Quoll, a random question... does 'Wednesday' fit in the window?

Very taken with the Sub homage... shame I'm on a watch buying ban at the moment...









*Simon*


----------



## quoll (Apr 20, 2006)

mycroft said:


> Quoll, a random question... does 'Wednesday' fit in the window?


I'll tell you tomorrow.


----------



## Barryboy (Mar 21, 2006)

gravedodger said:


> Yup ... very fond of my Orient
> 
> 
> 
> ...


I have a very, very similar model. The hands are gold finish, the markers are slightly more square and again gold finish, there are tiny roman numerals in the chapter, there is a coin edge surrounding the crystal and yes, Mycroft, Wednesday does fit into the window as it is in a slightly smaller font. When I finally get my act together with my expensive new camera I will post some piccies.

Rob


----------



## James (Jul 17, 2006)

mycroft said:


> Quoll, a random question... does 'Wednesday' fit in the window?


No, they spell it Wedday

Only time will tell


----------



## quoll (Apr 20, 2006)

Oh look - it fits!


----------



## Barryboy (Mar 21, 2006)

No, they spell it Wedday


----------



## rsykes2000 (Dec 3, 2003)

Barryboy said:


> No, they spell it Wedday


Not on my watch - model 46E701-91. I get the full Wednesday, which is only fitting, I suppose, as I am a pedantic bugger and could not live with an abbreviation such as "WEDDAY". It would remind me too much a day long, long ago when I entered a church as a gauche young feller and departed an hour later as a broken man.


----------



## limey (Aug 24, 2006)

Barryboy said:


> a day long, long ago when I entered a church as a gauche young feller and departed an hour later as a broken man.


The shortest sentence in the English language is "I do." Some say it's also the longest sentence.


----------



## rsykes2000 (Dec 3, 2003)

I've got a few Orients. Poor pictures, as per usual, but the general gist is visible :

King Divers (6 of, all having different dial colours)
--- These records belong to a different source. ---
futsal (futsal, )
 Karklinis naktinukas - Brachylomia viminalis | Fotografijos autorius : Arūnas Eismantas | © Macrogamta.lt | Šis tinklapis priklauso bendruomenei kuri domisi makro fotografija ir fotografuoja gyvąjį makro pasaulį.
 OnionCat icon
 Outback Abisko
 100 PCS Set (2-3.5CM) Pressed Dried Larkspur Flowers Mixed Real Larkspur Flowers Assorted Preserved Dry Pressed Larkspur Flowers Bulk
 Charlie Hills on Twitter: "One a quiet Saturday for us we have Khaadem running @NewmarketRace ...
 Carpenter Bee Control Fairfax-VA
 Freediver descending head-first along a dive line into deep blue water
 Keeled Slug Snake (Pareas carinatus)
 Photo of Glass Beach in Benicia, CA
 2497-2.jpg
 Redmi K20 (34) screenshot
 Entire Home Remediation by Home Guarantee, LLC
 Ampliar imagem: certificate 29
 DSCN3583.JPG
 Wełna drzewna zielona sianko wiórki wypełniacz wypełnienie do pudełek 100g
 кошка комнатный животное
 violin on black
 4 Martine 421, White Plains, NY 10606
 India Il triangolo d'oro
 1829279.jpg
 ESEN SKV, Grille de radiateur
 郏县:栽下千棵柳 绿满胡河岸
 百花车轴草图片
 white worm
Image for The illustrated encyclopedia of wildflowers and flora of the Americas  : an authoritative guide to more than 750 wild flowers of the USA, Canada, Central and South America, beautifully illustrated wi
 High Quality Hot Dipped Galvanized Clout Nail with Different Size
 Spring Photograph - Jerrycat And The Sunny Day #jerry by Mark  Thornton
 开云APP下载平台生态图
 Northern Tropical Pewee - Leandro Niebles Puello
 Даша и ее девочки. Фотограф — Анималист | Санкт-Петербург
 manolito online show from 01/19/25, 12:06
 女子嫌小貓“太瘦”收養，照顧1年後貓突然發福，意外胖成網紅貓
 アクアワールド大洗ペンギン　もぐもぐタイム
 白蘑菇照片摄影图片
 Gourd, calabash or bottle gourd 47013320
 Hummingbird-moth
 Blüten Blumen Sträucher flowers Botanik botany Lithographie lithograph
And a few other others, there are probably 5 or so missing


----------



## rsykes2000 (Dec 3, 2003)

There's a black King Diver, a red Sea King and some early quartz digitals missing, but I've also got this little old'un :


----------



## Barryboy (Mar 21, 2006)

rsykes2000 said:


> I've got a few Orients. Poor pictures, as per usual, but the general gist is visible :
> 
> King Divers (6 of, all having different dial colours)
> 
> ...


I've got the Titanium slide rule watch also. It's quite large but extremely comfortable to wear and it's one of my favourite Orients. I'm jiggered if I know how to use the slide rule thingy though.......


----------



## pcichosz (Jan 12, 2006)

My two Orients:

-- the beauty










-- and the beast










Pawel


----------



## mach 0.0013137 (Jan 10, 2005)

pcichosz said:


> My two Orients:
> 
> -- the beauty
> 
> ...


Both bootiful IMHO


----------



## mach 0.0013137 (Jan 10, 2005)

Here`s mine....

*Orient M-Force CEX04001MO & Orient M-Force CEX04001DO, 200M Divers, cal46G41 21 Jewels*



* Orient King Divers c. 1970`s*





































*Orient 3 Star, 17 Jewel Manual Wind early `80`s*


----------